→ WHAT IS REQUIRED
Below is a listing with pictures. Repeat exactly the lines starting at the one holding "さん コミックス1巻好評発売中📚 #IchiTheWitch" and going on through the one holding "SHARP AQUOS LC-37GX3W 液晶テレビ|Yahoo!フリマ(旧PayPayフリマ) SHARP", and leave every picture out.

→ GIVEN RECORDS
——
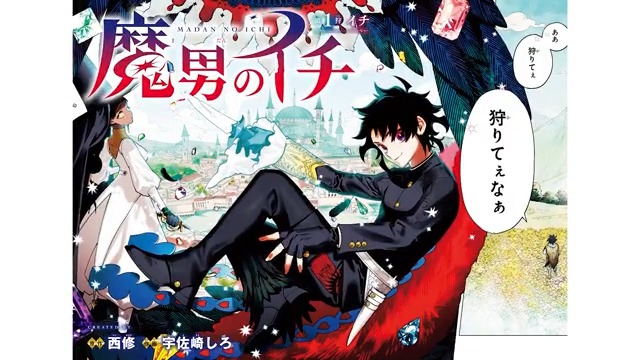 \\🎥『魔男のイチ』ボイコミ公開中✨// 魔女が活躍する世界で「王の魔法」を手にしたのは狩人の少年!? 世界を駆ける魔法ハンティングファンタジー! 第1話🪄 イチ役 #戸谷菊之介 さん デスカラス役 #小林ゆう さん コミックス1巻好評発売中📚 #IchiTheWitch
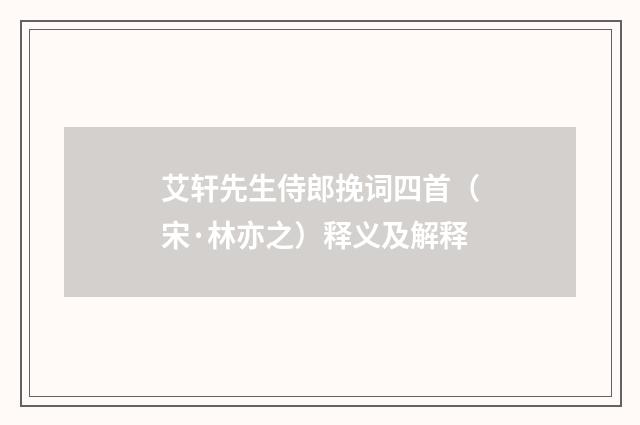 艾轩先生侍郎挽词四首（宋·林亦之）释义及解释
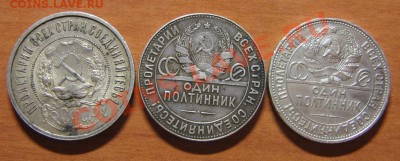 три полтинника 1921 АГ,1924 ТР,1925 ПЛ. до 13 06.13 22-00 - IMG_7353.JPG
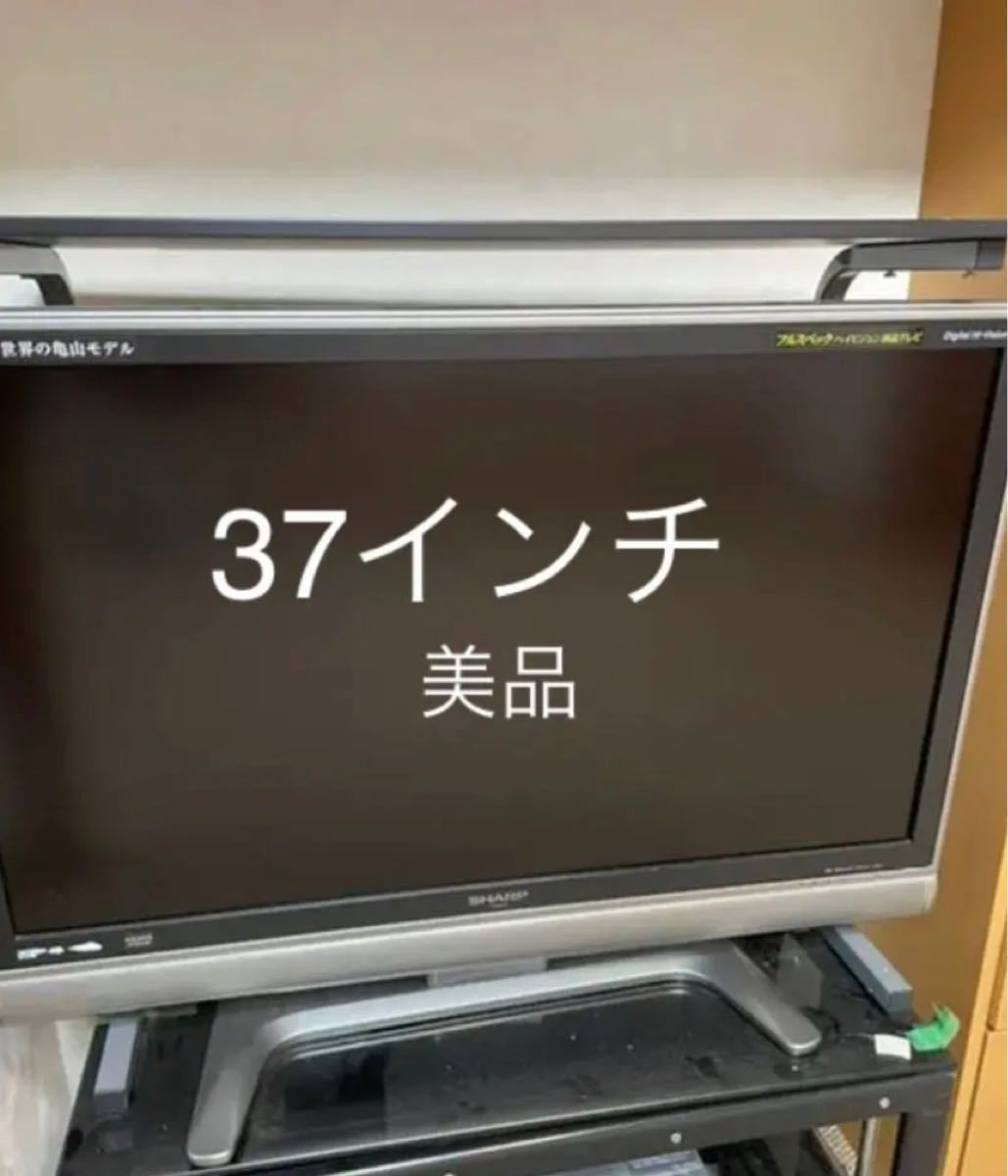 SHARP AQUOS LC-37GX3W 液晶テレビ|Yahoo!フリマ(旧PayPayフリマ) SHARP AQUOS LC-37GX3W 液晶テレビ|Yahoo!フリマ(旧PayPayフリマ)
——
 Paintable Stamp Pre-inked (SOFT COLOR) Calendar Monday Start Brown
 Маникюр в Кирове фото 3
——
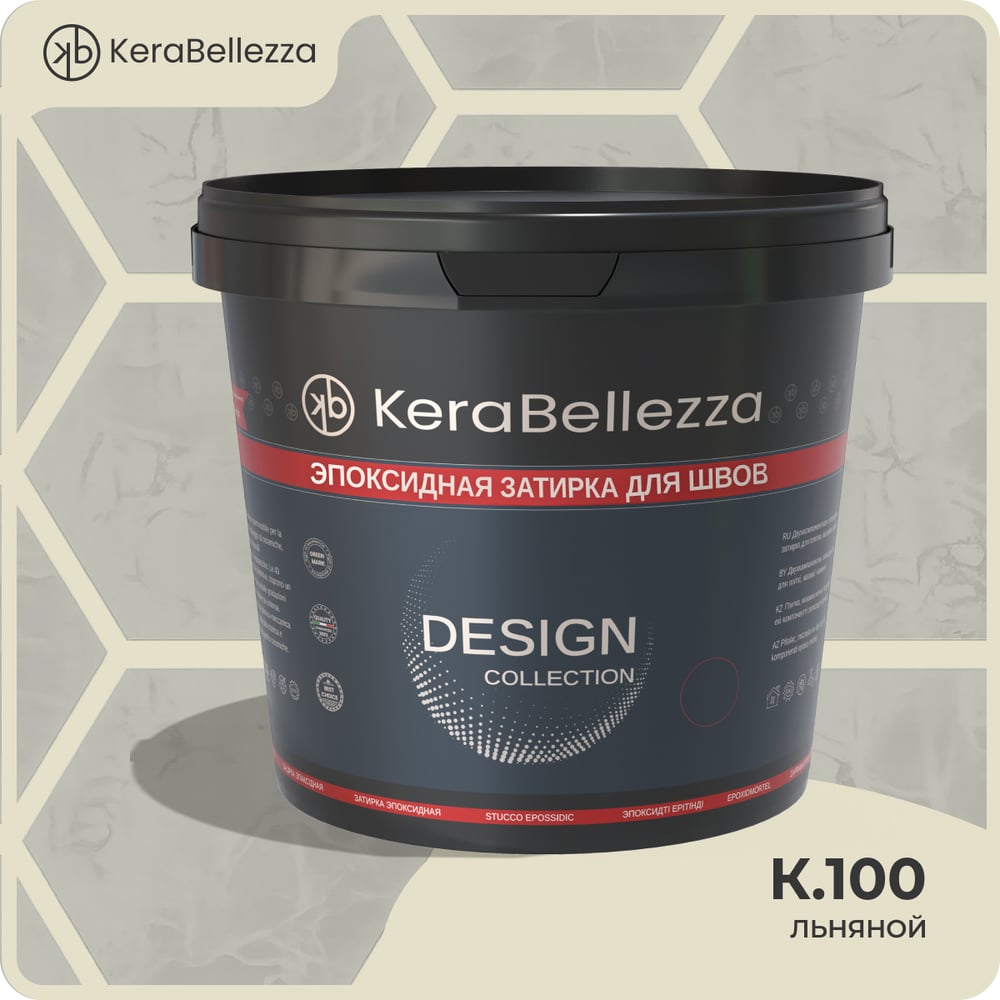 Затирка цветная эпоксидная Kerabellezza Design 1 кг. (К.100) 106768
——
→ TASK RESPONSE
 \\🎥『魔男のイチ』ボイコミ公開中✨// 魔女が活躍する世界で「王の魔法」を手にしたのは狩人の少年!? 世界を駆ける魔法ハンティングファンタジー! 第1話🪄 イチ役 #戸谷菊之介 さん デスカラス役 #小林ゆう さん コミックス1巻好評発売中📚 #IchiTheWitch
 艾轩先生侍郎挽词四首（宋·林亦之）释义及解释
 три полтинника 1921 АГ,1924 ТР,1925 ПЛ. до 13 06.13 22-00 - IMG_7353.JPG
 SHARP AQUOS LC-37GX3W 液晶テレビ|Yahoo!フリマ(旧PayPayフリマ) SHARP AQUOS LC-37GX3W 液晶テレビ|Yahoo!フリマ(旧PayPayフリマ)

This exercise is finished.